Digital Content Primer
How Files Structure Data
HTML is plain text. A human can read it directly. Tags like <h1> and <p> give information explicit, standardized labels.
<!DOCTYPE html>
<html>
<body>
<h1>Lesson Title</h1>
<p>This is a paragraph.</p>
</body>
</html>Because it’s an open standard maintained by the W3C, the set of labels is public. You can view the file in a text editor, though it is rendered by a web browser.
Office files are compressed archives. Inside a .docx or .pptx is actually a folder of XML files, zipped together.
PK\x03\x04... [Compressed Header]
word/document.xml
word/styles.xml
[Content as XML inside the archive]The structure exists—headings, paragraphs, images—but it’s in Microsoft’s proprietary schema. Other software has to reverse-engineer it. There aren’t one-to-one mappings of labels with other formats. You can’t view the data in a text editor, it is rendered and edited all within a Microsoft application.
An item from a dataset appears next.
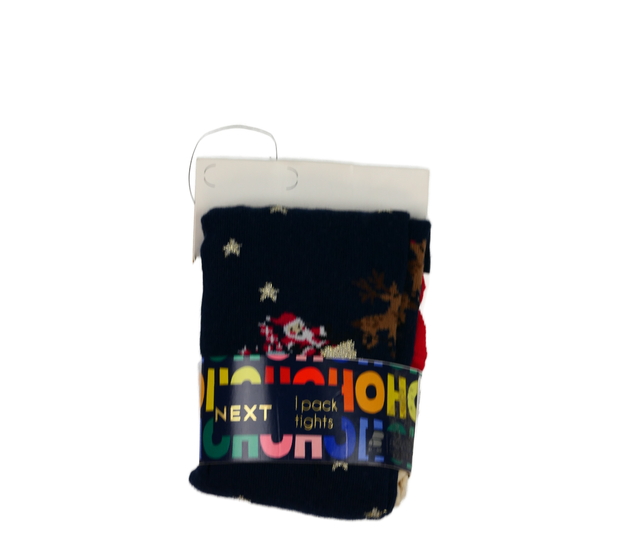 Nové modré vánoční punčocháče Next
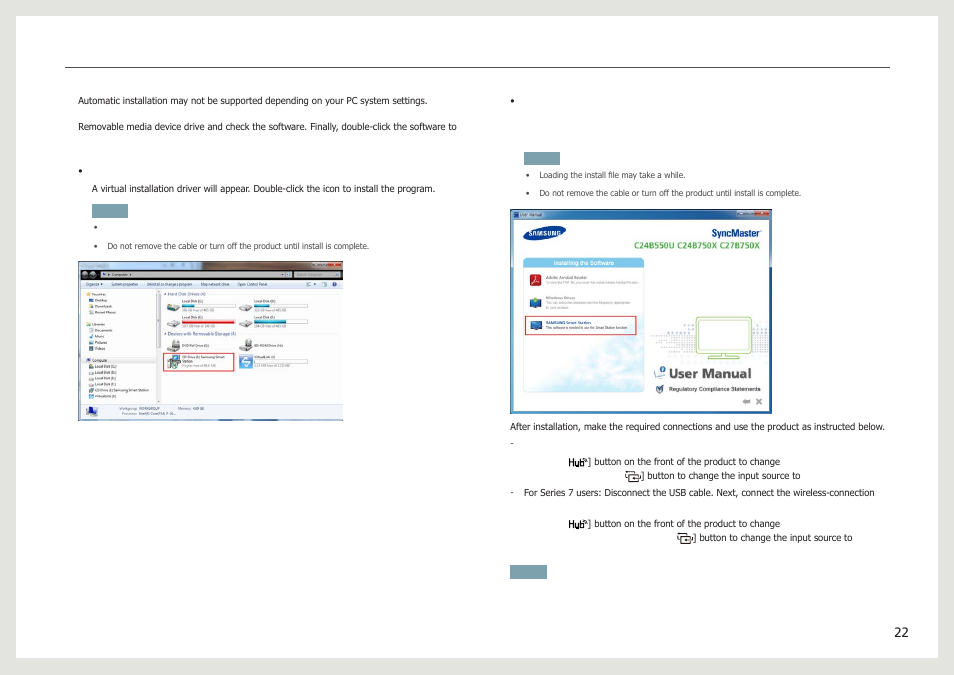 Samsung LC24B750XS-ZA User Manual | Page 22 / 89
PDFs are primarily images. They describe where ink goes on a page, not what the content means. Though, they can accomodate semantic structure via “tags,” which is a schema Adobe made up.
%PDF-1.7
1 0 obj << /Type /Catalog /Pages 2 0 R >>
stream
[Binary image and font data]
%%EOF“Tagged PDFs” add a semantic layer, but it’s bolted on—-not fundamental to the format. Many PDFs lack it entirely, and it you need special software to tell if that layer is present. PDFs can be rendered by various applications, but require special programs to perform limited editing.
What Markup Actually Does
Enables Logical Structures
Headings can provide outline structures and thematic sections.
Establishes Relationships
Items can be parts sets like tables or lists.
Allows Navigation in Time
The structure and relationships of markup turns a stream of raw text into an interactive, navigable structure in time. Instead of a document being read like an audio cassette in an uninterrupted stream, it becomes operable information.
Why Conversions Break Things
When you export to another format, software translates between markup systems. Each format has its own vocabulary, its own rules.
Example: What happens to equations
A common question: “I thought equations were accessible in Word?”
They are—when viewed in Word. But here’s what happens when that file travels:
- In Word: Microsoft understands its own equation markup (OMML). Screen readers can read it.
- Exported to HTML: Word doesn’t speak MathML. The equation gets rendered as an image.
- Exported to PDF: Same problem. The equation becomes a picture.
The equation looks fine. But the structural layer is gone—it is only percievable visually.
This is why we recommend keeping your original files. The .docx contains the richest version. But what students receive depends on how it travels to them.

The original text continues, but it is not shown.